As desigualdes e a discriminação não param por aí. No mercado de trabalho, saltam à vista as diferenças de salários entre os gêneros, mesmo quando exercem a mesma função.  Para citar um exemplo, na Região Metropolitana de Fortaleza (RMF), segundo levantamento da Secretaria do Trabalho e Desenvolvimento Social (STDS), em 2011 as mulheres ganhavam em média 72% da remuneração mensal masculina. O rendimento médio dos  homens da RMF era de R$ 1.056 ao passo que o das mulheres era de R$ 761. Ainda na RMF, o desemprego feminino alcança índices maiores que o dos homens. Ademais, para cada mulher com carteira assinada, há três sem qualquer vínculo contratual. Essa situação se repete em todo o Brasil, em maior ou menor escala.

Para tentar dar um basta a este absurdo, nesta semana, a Comissão de Direitos Humanos do Senado (CDH) aprovou, em caráter terminativo (sem necessidade de votação em plenário), Projeto de Lei que pune as empresas que pagarem salário menor para as mulheres contratadas para realizar a mesma atividade executada por empregados homens. O PL segue agora para sanção da presidenta Dilma, desde que não haja pedido de nenhum parlamentar para que a proposta seja apreciada em plenário.
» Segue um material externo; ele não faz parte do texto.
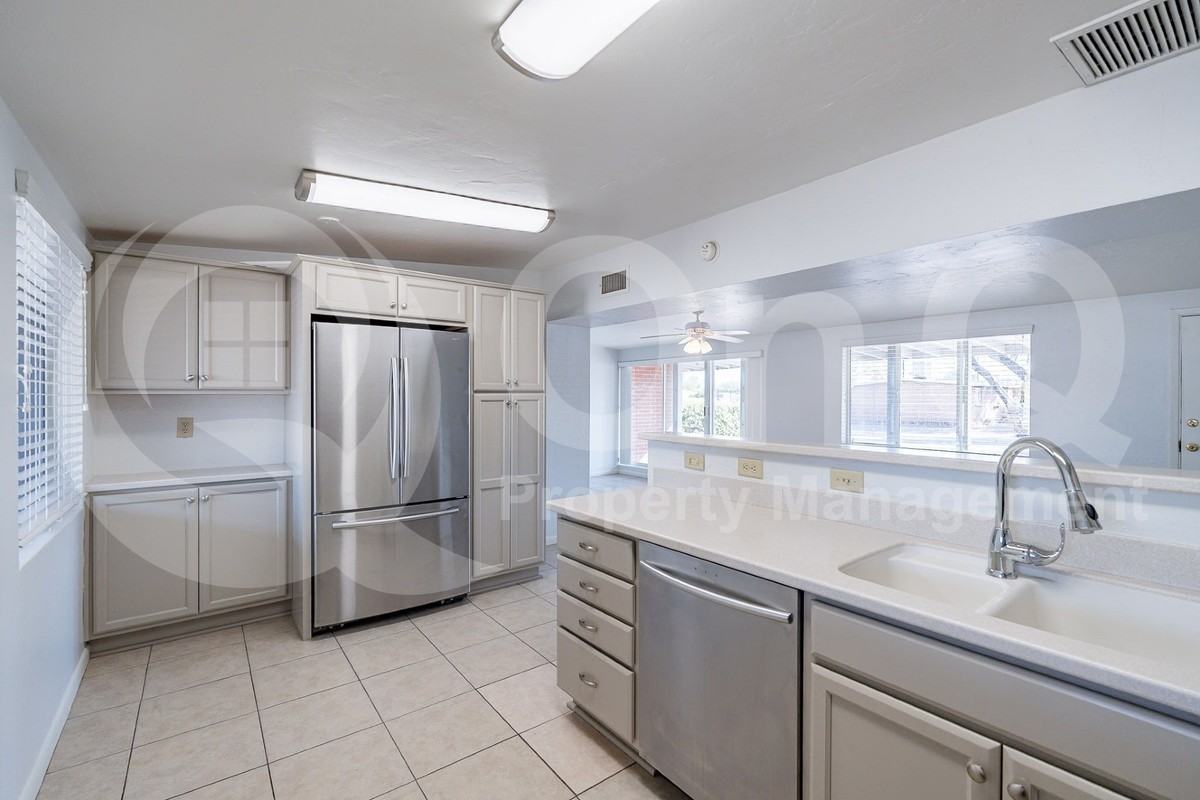 1510 S Arcadia Ave - Photo 6 of 37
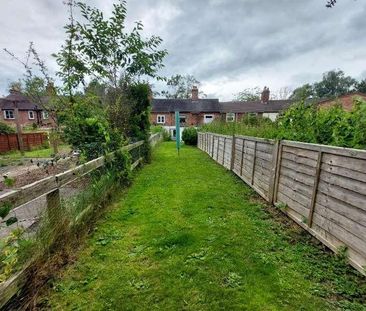 Wall Lane, Nantwich, CW5 - Photo 2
Em suma, a realidade para as mulheres, no Brasil - e, por extensão, em todo o mundo -, não obstante o avanço visível das conquistas do movimento feminista nas últimas décadas, ainda é eivada de muito preconceito, discriminação e descrédito. Será preciso, portanto, que gerações e mais gerações doravante combatam a raiz podre dessa sociedade machista, misógina e patriarcal que impera na estrutura psicossocial do povo brasileiro e atavicamente foi determinante para excluir as mulheres dos processos políticos e sócio-econômicos do país. Hoje, mais do que em qualquer outro dia, pensemos nisso!